Dear America,
Amidst the confusion, and despair, and disbelief, it was suggested to me by a very close friend of mine (I won’t say her name, to protect her identity) (Ann. It was Ann) that perhaps a few people would enjoy hearing my thoughts on this election. So I sat down at my computer, cleared my head, and opened a document. Then I started crying. So I had some hot chocolate, and my close friend (Ann) rubbed my back for a while, and I got myself together, and sat down. And started crying. Then more Ann comforting me, and more hot chocolate, and back and forth like that for about six hours or so, the chain of hot-chocolate-and-back-rubs only interrupted briefly when I had to run to the store for more hot chocolate packets (“Just give me all of them, all the boxes,” I remember saying, through tears, to a very scared stockroom boy) and now I am ready to go.
When I was in fourth grade, my teacher Mrs. Kolphner taught us a social studies lesson. The seventeen students in our class were introduced to two fictional candidates: a smart if slightly bookish-looking cartoon tortoise named Greenie, and a cool-looking jaguar named Speedy. Rick Dissellio read a speech from Speedy, in which he promised that if elected he would end school early, have extra recess, and provide endless lunches of chocolate pizzandy. (A local Pawnee delicacy at the time — deep fried pizza where the crust was candy bars.) Then I read a speech from Greenie, who promised to go slow and steady, think about the problems of our school, and try her best to solve them in a way that would benefit the most people. Then Mrs. Kolphner had us vote on who should be Class President.
I think you know where this is going.
Except you don’t, because before we voted, Greg Laresque asked if he could nominate a third candidate, and Mrs. Kolphner said “Sure! The essence of democracy is that everyone—” and Greg cut her off and said “I nominate a T. rex named Dr. Farts who wears sunglasses and plays the saxophone, and his plan is to fart as much as possible and eat all the teachers,” and everyone laughed, and before Mrs. Kolphner could blink, Dr. Farts the T. rex had been elected President of Pawnee Elementary School in a 1984 Reagan-esque landslide, with my one vote for Greenie the Tortoise playing the role of “Minnesota.”

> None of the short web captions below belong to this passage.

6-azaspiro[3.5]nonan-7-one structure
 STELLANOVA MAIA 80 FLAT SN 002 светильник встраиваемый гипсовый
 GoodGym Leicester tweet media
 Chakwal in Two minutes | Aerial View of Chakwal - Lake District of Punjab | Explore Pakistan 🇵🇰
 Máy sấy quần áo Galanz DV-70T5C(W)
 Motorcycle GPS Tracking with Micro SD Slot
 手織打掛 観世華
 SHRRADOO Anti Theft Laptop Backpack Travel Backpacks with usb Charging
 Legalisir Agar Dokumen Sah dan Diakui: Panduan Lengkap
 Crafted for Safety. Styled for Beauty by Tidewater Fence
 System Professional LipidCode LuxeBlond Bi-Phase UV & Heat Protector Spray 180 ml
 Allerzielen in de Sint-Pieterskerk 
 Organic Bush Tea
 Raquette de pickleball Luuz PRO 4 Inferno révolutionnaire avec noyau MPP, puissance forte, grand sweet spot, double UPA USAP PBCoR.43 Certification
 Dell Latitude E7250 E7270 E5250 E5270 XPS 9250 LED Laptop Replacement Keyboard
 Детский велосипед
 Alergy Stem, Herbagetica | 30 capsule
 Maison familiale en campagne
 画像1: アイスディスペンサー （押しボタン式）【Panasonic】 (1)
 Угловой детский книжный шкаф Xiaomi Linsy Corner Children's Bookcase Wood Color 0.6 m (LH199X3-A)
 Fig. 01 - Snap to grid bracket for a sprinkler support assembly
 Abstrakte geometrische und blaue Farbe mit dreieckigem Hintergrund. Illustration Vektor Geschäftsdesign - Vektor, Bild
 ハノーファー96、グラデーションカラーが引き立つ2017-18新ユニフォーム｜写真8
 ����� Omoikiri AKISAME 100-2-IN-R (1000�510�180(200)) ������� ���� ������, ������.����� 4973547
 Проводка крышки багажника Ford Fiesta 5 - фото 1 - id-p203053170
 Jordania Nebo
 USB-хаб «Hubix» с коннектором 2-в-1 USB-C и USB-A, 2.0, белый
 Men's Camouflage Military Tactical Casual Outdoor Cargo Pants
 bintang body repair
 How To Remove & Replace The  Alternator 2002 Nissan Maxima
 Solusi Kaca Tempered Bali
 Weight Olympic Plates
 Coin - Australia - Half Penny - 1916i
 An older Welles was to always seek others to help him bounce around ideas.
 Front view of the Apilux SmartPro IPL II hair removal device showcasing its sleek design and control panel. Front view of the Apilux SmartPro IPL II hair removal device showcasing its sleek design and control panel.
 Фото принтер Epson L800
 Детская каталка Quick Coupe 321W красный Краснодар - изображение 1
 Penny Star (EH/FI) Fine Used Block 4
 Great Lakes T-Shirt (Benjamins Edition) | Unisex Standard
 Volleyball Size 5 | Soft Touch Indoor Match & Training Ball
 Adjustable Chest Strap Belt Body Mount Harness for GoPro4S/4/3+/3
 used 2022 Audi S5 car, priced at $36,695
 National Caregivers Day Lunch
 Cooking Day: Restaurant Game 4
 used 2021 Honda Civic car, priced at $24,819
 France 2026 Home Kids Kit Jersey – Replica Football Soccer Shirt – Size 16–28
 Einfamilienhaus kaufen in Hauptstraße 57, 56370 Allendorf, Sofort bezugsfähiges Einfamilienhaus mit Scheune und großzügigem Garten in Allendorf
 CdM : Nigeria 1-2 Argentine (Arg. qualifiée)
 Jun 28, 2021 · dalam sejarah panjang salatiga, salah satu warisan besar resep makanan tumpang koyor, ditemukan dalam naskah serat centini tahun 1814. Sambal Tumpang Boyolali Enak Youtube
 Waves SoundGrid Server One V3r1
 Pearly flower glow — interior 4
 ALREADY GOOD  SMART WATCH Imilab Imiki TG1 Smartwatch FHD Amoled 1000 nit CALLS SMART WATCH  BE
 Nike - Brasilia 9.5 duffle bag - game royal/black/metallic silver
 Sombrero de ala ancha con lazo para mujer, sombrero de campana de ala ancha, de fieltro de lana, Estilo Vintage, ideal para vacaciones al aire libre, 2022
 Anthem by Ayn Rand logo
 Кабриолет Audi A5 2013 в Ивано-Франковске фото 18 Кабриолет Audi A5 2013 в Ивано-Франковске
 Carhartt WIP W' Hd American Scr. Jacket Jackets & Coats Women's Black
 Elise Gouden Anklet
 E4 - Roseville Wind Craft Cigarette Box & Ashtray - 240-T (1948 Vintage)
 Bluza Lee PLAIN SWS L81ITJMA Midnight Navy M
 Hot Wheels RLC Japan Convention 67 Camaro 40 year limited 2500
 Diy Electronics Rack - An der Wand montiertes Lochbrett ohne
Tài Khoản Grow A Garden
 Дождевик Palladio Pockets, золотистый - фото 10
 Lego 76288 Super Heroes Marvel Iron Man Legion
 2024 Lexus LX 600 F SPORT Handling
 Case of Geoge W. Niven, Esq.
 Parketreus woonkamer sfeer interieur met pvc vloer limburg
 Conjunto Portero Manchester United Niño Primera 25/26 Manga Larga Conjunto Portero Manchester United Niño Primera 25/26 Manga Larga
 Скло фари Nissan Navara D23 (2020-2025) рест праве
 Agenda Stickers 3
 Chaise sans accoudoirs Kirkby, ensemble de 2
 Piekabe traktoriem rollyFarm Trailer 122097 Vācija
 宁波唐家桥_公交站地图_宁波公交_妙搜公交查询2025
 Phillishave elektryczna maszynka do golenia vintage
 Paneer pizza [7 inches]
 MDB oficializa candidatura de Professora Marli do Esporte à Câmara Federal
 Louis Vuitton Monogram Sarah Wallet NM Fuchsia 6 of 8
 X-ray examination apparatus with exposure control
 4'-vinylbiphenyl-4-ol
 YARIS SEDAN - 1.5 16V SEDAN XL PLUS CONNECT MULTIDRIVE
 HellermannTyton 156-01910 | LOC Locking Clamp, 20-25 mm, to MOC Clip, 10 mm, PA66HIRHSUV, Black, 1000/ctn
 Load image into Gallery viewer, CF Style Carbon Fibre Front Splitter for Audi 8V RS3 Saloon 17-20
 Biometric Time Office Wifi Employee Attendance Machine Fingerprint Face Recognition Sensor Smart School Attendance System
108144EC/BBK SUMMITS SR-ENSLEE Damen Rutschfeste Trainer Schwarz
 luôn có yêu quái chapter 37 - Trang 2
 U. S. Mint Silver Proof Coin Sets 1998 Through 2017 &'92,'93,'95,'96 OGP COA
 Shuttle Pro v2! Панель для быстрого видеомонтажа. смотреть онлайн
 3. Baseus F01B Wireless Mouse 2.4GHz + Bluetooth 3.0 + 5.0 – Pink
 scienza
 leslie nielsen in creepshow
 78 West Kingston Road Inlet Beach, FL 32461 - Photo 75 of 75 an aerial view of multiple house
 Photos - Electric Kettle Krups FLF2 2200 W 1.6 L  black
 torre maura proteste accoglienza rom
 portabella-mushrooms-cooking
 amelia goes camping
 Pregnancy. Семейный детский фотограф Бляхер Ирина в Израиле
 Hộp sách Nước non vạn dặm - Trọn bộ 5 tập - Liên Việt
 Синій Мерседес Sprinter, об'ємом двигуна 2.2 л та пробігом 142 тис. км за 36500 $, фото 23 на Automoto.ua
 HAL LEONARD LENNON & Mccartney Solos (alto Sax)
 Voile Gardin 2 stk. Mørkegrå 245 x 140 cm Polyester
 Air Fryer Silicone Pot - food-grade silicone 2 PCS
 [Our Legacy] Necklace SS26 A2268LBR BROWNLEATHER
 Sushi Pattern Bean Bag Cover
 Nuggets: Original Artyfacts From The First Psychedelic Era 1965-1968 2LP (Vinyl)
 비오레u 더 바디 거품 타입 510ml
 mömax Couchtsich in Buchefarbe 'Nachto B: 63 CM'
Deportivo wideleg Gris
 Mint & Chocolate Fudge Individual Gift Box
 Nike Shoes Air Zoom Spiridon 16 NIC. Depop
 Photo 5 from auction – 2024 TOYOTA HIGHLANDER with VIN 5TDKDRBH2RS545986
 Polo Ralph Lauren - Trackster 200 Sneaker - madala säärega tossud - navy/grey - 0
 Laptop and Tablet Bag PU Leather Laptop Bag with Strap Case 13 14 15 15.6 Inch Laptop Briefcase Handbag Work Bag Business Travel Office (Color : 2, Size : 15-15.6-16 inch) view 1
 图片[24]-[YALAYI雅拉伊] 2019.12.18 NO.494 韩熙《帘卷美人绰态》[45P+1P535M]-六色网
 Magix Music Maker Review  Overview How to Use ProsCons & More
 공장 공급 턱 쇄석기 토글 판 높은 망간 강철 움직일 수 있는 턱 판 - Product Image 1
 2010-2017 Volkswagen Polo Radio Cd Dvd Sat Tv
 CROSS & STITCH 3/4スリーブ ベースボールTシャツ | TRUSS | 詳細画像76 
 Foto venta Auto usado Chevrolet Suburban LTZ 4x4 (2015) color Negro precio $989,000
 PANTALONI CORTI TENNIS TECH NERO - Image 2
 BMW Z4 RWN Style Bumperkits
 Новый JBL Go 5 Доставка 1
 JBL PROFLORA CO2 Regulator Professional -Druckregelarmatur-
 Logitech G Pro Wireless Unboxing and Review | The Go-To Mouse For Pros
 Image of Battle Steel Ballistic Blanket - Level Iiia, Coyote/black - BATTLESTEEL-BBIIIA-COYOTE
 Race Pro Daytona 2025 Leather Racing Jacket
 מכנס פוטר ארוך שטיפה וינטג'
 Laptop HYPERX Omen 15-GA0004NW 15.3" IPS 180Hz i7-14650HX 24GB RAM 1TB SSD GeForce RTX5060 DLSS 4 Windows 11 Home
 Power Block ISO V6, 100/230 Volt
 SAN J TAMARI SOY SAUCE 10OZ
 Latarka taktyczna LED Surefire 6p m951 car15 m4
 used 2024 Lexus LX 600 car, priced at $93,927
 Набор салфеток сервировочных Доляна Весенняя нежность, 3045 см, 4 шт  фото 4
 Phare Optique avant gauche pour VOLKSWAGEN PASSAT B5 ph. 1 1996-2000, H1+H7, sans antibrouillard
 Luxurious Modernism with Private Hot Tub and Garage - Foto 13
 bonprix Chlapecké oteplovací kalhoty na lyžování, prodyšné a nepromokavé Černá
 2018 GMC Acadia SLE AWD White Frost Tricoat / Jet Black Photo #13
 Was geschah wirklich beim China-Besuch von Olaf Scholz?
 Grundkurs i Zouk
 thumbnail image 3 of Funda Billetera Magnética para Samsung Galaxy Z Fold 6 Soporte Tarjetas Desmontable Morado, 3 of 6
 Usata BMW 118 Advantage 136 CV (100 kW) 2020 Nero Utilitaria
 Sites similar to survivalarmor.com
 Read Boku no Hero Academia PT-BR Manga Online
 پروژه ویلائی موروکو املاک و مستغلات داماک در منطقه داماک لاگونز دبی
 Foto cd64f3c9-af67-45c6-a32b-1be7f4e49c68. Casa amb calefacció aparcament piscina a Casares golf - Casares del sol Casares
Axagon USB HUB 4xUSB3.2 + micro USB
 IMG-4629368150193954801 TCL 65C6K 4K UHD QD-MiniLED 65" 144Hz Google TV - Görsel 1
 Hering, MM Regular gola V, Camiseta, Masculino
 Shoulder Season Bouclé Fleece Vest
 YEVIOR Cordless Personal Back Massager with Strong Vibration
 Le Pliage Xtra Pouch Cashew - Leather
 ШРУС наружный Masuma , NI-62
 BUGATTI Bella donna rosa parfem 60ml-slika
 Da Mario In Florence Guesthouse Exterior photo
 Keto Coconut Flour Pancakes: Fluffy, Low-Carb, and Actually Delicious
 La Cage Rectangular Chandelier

After class I was inconsolable. Once all the other kids left, Mrs. Kolphner came over and put her arm around me. She told me I had done a great job advocating for Greenie the Tortoise. Through tears I remember saying, “How good, exactly?” and she said “Very very good,” and I said, “Good enough to—?” and she sighed and went to her desk to get one of the silver stars she gave out to kids who did a good job on something, and as I tearfully added it to my Silver Star Diary she asked me what upset me the most.
“Greenie was the better candidate,” I said. “Greenie should have won.”
She nodded.
“I suppose that was the point of the lesson,” I said.
“Oh no,” she said. “The point of the lesson is: people are unpredictable, and democracy is insane.”
Winston Churchill once said, “Democracy is the worst form of government, except all those other forms that have been tried.” That is perhaps a pithier and better way to get my point across, than that long anecdote about Mrs. Kolphner. Should I just erase all of that and start with this? Whatever. I’m pot-committed now, and is there extra caffeine in that hot chocolate? Because my head feels like a spaceship. The point is: people making their own decisions is, on balance, better than an autocrat making decisions for them. It’s just that sometimes those decisions are bad, or self-defeating, or maddening, and a day where you get dressed up in your best victory pantsuit and spend an ungodly amount of money decorating your house with American flags and custom-made cardboard-cutouts of suffragettes in anticipation of a glass-ceiling-shattering historical milestone ends with you getting (metaphorically) eaten by a giant farting T. rex.